* Assignment: The material below holds a span beginning at the line with "Shaka Wear SHBJ" and ending at the line with "Blue Fish Vintage". Quote that span exactly, both ends included, and only that span.

* Study material:

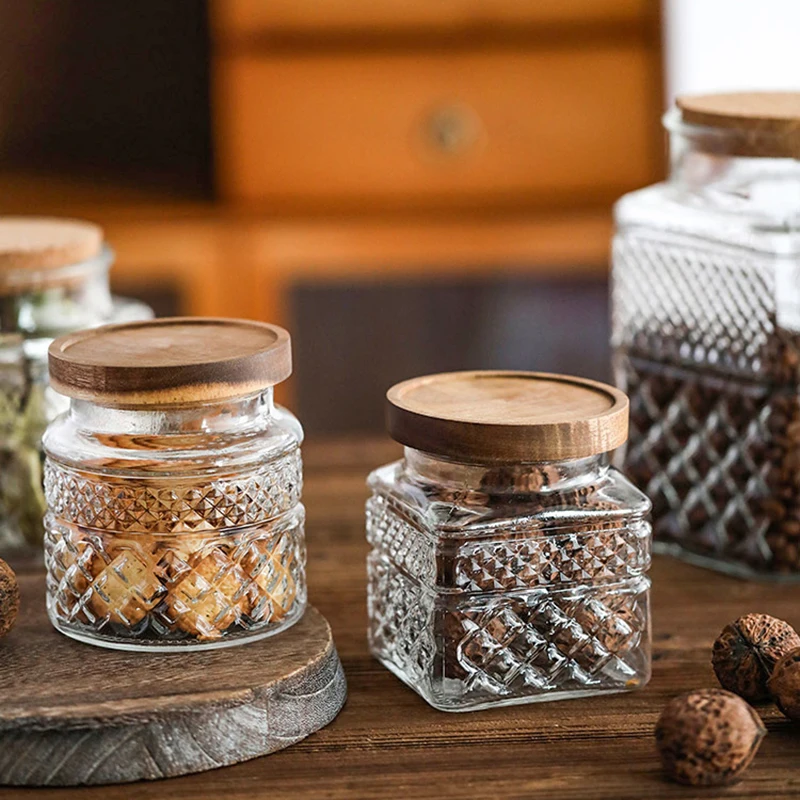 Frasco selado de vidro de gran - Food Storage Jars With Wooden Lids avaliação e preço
---
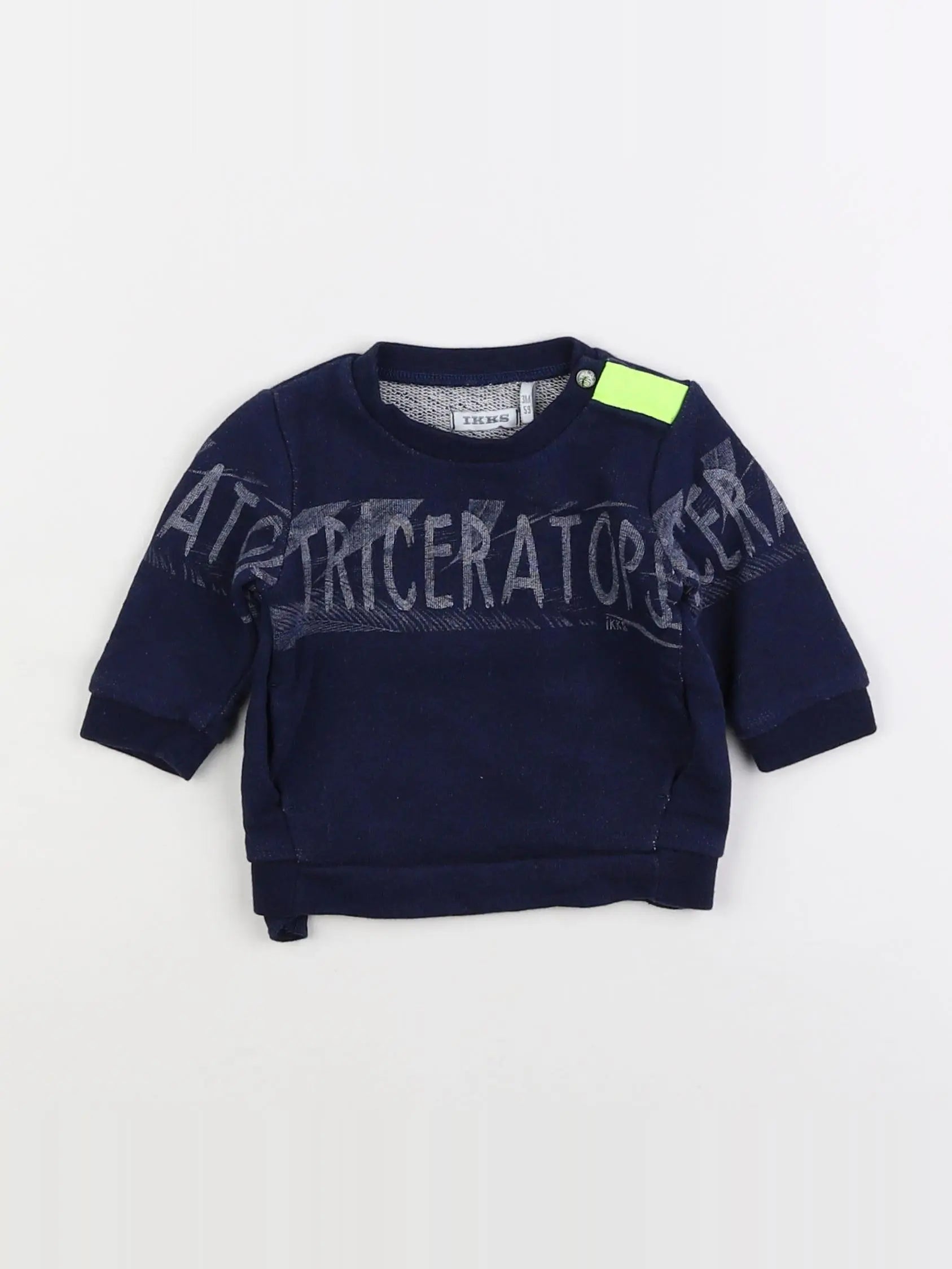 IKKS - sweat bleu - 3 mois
--
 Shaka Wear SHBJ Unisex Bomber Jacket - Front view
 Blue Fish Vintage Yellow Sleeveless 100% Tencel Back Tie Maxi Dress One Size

* Problem solution:
 Shaka Wear SHBJ Unisex Bomber Jacket - Front view
 Blue Fish Vintage Yellow Sleeveless 100% Tencel Back Tie Maxi Dress One Size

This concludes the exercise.